Another former parishioner, Rosanna Castro, was walking through the park with her son, Steven, 14. Ms. Castro had tried a few other churches, and now attends Our Lady of Sorrows, on Stanton Street near Pitt Street. But her affection for her old church has not changed. "This morning I woke up and I was telling him, 'I miss St. Brigid's so much,' " Ms. Castro said of a conversation with her son. "I was just telling him, I wonder when they're going to knock it down."

After circling the park, Mr. Cruz stood in front of the church, where he encountered Ed Torres and Maria Tornin, two longtime parishioners. They were joined by Carolyn Ratcliffe, who lives around the corner on East Ninth Street. She is an Episcopalian, but she used to attend Mass at St. Brigid's because the church reminded her of a church in her hometown, Natchez, Miss. She still walks her dogs past St. Brigid's every day, and when she sees it from a distance, she knows she is almost home.

Because of the icy wind, the little group walked to the basement office of Rosie Mendez, a neighborhood activist who is running for City Council, and shared their memories of a place that had been threaded through their lives in so many different and sometimes subtle ways. "We kind of took St. Brigid's for granted," Mr. Torres said. "We've always had this expectation that the church would be reopened."

Can St. Brigid's Be Saved?

Mr. Torres has been working with the archdiocese finance office to determine what became of the $103,000 the parishioners raised for repairs. Mr. Zwilling, of the archdiocese, said diocesan officials had not been aware of the fund-raising drive and would not have sanctioned it, though parishioners said they believed they had church permission.
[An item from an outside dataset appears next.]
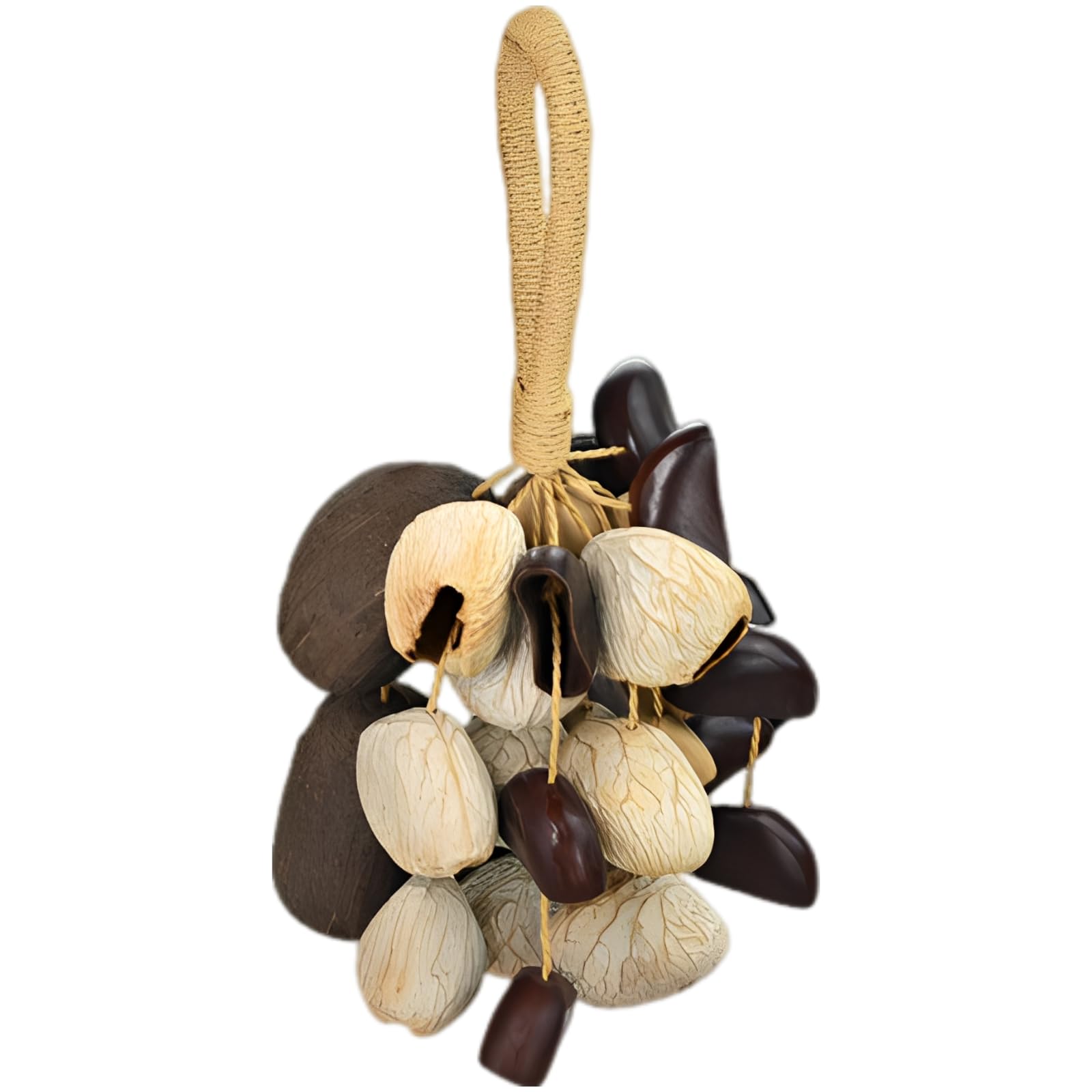 Shaker naturel, hochet artisanal en coque de noix de 25-30 cm, 11 cordes, instrument de percussion pour yoga, détente et relaxation, modèle chacha panji salin juju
The former Trinitarian pastor of St. Brigid's, the Rev. Michael Conway, said about $30,000 was spent studying the possibility of repairing the church and making the social hall more suitable for Mass, but most of the money was still in the church's bank account when he left. Mr. Zwilling said the archdiocese was still going through the parish records and talking with parishioners to figure out what happened to the rest. "There seems to have been a problem sorting out the money that came in, and what amount, and where it went," he said. "The issue now is going through what records exist."

Still, Mr. Torres said he had made it clear to the archdiocese that the main goal, even ahead of recovering the money, was reopening the church.
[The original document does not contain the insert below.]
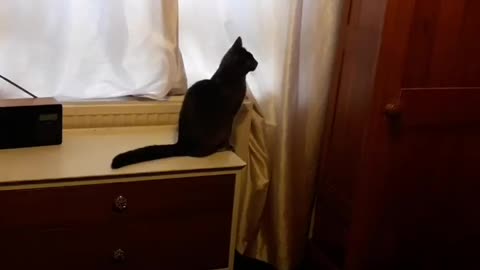 Cat sees a Ghost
There was talk in the room of hiring a lawyer, of getting a restraining order to prevent further gutting of the building. They remembered the Sunday last fall when a bishop arrived at the church and announced that St. Brigid's would be closed. And they remembered the tearful day a month later when the church held its last Mass.

"People were there with their children and their children's children, and they were all baptized in that church," Ms. Mendez said. "People were crying because their next great-grandchild will not be baptized in that church, and they knew that."

As the meeting wound down, the old St. Brigid's parishioners, together again, rose and climbed the stairs to go their separate ways. Exchanging handshakes and hugs, they stepped out into the cold Sunday air.